*** Block opens ***

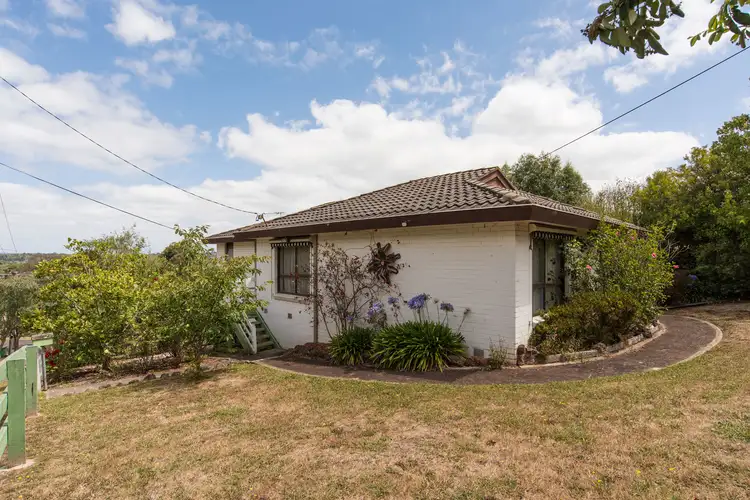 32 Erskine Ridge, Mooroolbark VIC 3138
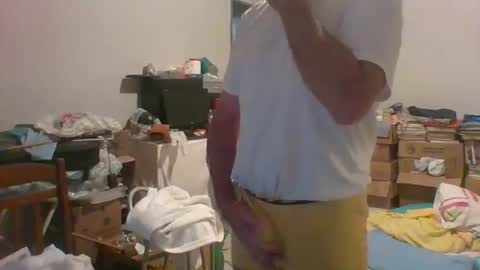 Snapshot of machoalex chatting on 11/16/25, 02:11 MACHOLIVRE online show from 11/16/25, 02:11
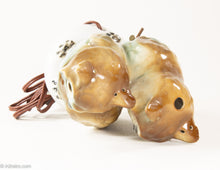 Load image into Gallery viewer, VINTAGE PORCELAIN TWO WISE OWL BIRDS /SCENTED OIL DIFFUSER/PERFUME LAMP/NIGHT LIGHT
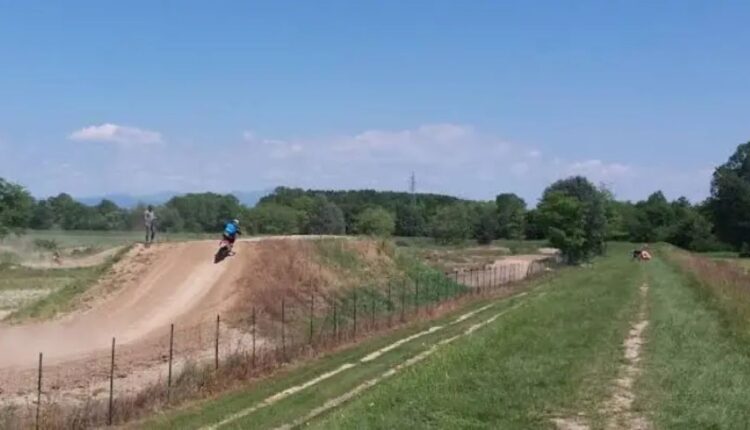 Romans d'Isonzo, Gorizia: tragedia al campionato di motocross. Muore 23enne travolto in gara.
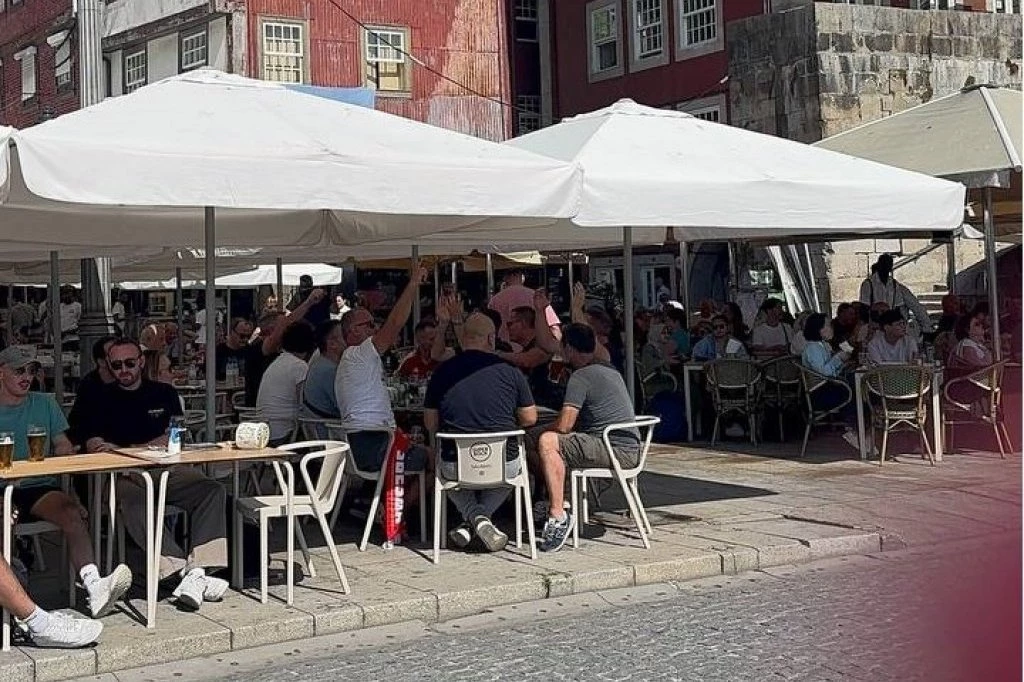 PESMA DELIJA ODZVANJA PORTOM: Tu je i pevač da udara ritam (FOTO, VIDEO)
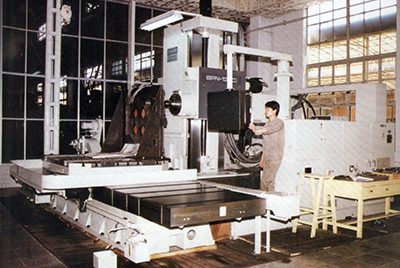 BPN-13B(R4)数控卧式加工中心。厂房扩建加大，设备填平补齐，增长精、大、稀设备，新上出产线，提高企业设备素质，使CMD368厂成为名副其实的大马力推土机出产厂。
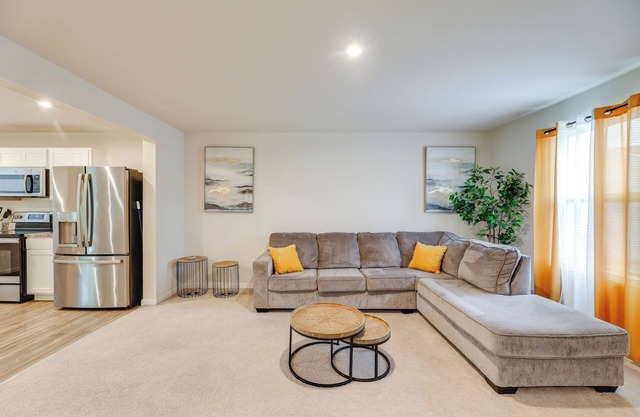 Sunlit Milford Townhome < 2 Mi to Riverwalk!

*** Block closes ***
*** Block opens ***

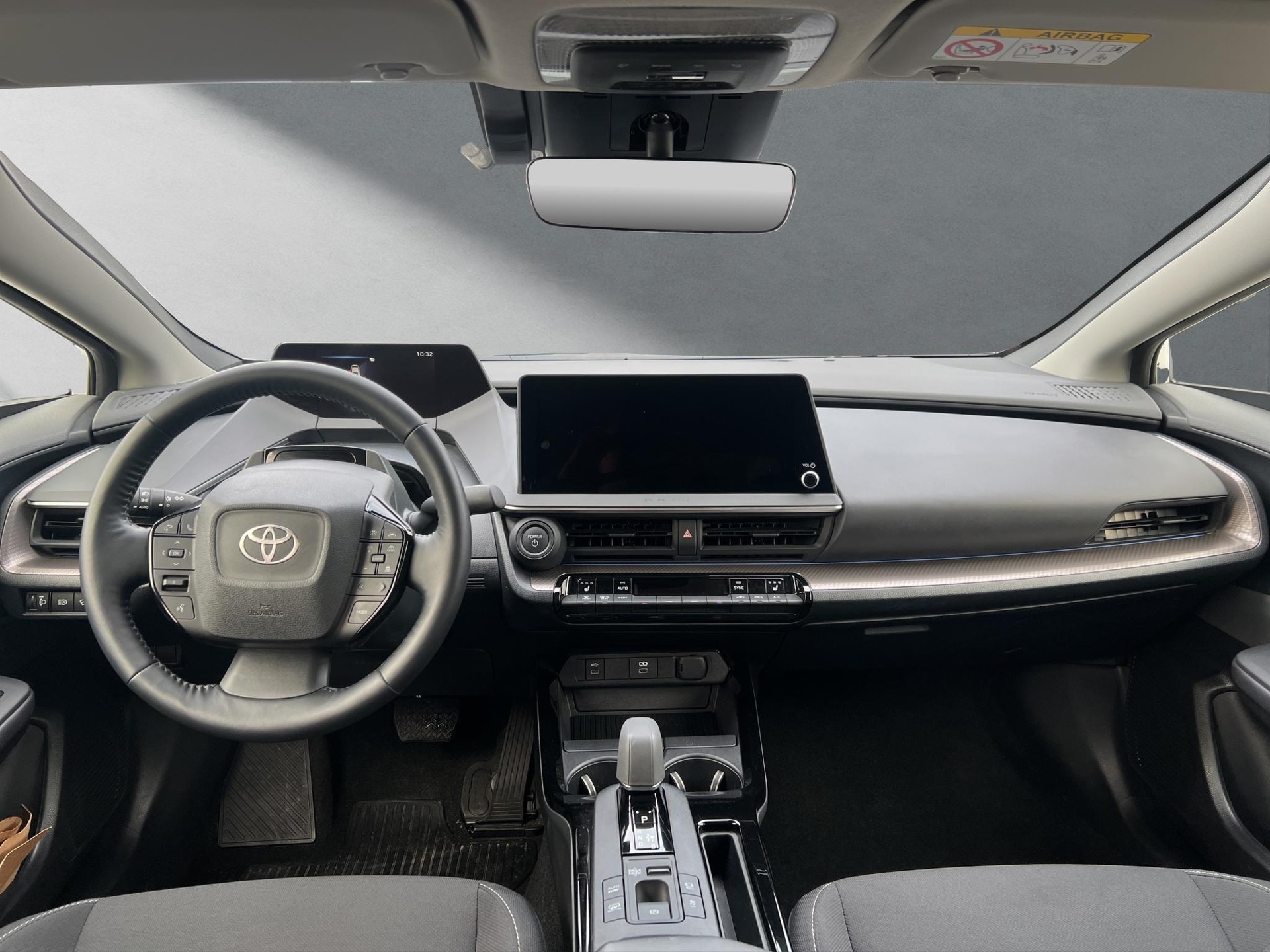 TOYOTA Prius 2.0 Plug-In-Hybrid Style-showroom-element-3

*** Block closes ***

• _Exercise aim_
Given the entries above, transcribe exactly the lines from the one holding "32 Erskine Ridge, Mooroolbark VIC 3138" through the one holding "Load image into"; pictures do not belong in the transcription.

• _Result below_
 32 Erskine Ridge, Mooroolbark VIC 3138
 Snapshot of machoalex chatting on 11/16/25, 02:11 MACHOLIVRE online show from 11/16/25, 02:11
 Load image into Gallery viewer, VINTAGE PORCELAIN TWO WISE OWL BIRDS /SCENTED OIL DIFFUSER/PERFUME LAMP/NIGHT LIGHT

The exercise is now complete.